Does the word "overkill" mean anything in media anymore? Or "hype", or "hysteria".

And sure, why stop there - why not have a special month-long #Trump200? Meanwhile we can start looking ahead to #Trump300 as soon as that finishes.

And as for #TrumpYear1… the only way that can be properly ticked off is for everyone in radio to commit ceremonial hara-kiri, live on air, via a sequence of precise and disgusting self-disembowelment motions, while intoning the mantra "I'm with Hilary" over and over until the life leaks from their body.

And even then, they'll probably be boring the bejeesus out of Saint Peter about it. Eternity will never have felt so long.

Enough already with the Trump saturation coverage. Yes, I get it, the American President is a big deal. And it has - some - concrete effects on our lives over here. And personally I, like many of you, don't particularly like The Donald: he seems to me a highly volatile element in an already-unstable world.

But this is just stupid. Richard Chambers, who's filing these reports from the US, is a fine broadcaster - this isn't about him specifically, nor even about Newstalk: all talk-radio is as bad. It's about the entire medium losing its marbles over this one story.

#Trump100 will cover issues including: the travel ban on a number of Muslim-majority countries; healthcare; refugees in America; the Mexican border; Irish immigrants; the Rust Belt; the Washington political establishment; and racial/ethnic divisions and tensions.

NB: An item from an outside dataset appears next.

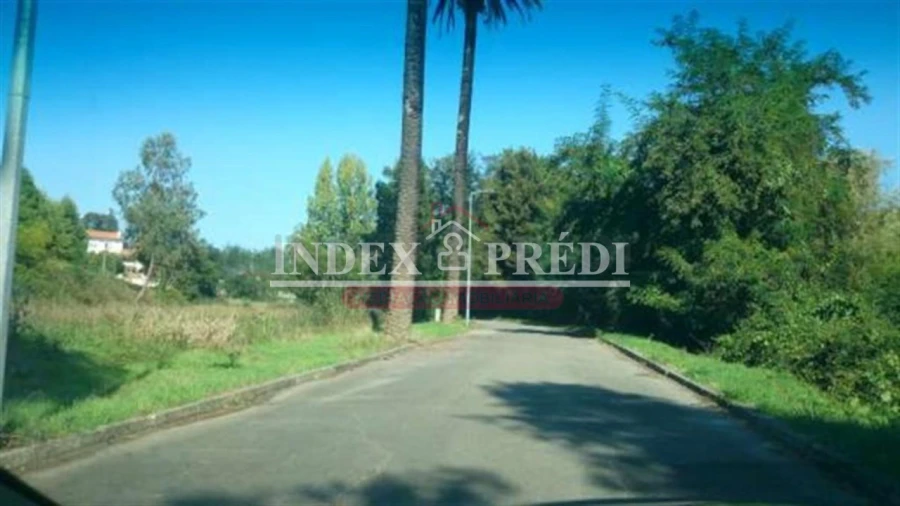 Terreno para Venda em Águeda e Borralha Foto 4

Other than the Irish immigrants, what does any of this have to do with us? It's their country, I think, isn't it? Americans do actually have the right to choose whatever they like regarding healthcare or immigration laws or anything else, don't they, without being hectored and told what to do from the sidelines by foreign know-alls like us?

I swear, I really think I might drive my car over the next person I hear breathlessly hyperventilating about gun control or capital punishment in the States. Hey, I hate guns and the death penalty is barbaric - but I don't live there, so it's nothing to do with me, and it's not my place to lecture the people who do.

Sure, in a broad, abstract sense, one can consider these matters, take a stance on them, feel an emotional response. I feel empathy when I hear of something dreadful happening in America - but no more than I would at something dreadful happening in China or England or Poland.

The world is full of awful people and horrible deeds. Where's the fortnight-long investigations into life in Japan or France or Gambia or Brazil or… you get the picture.

Is the US the only country where everyone else in the world apparently has a stake, speaks their mind and gets to patronise, insult and generally order around the natives?

Can you imagine the reverse: if Americans waded in here with a list of specific criticisms and complaints, and handed us a list of things we "must" change? Irish media would have a collective aneurysm of pinch-faced outrage.

Keep on Trump, by all means, when he does something that affects the rest of the planet. As for domestic stuff, though… well, it's none of our affair really, is it? I know, minding your own business can be a difficult concept - but let's give it a try.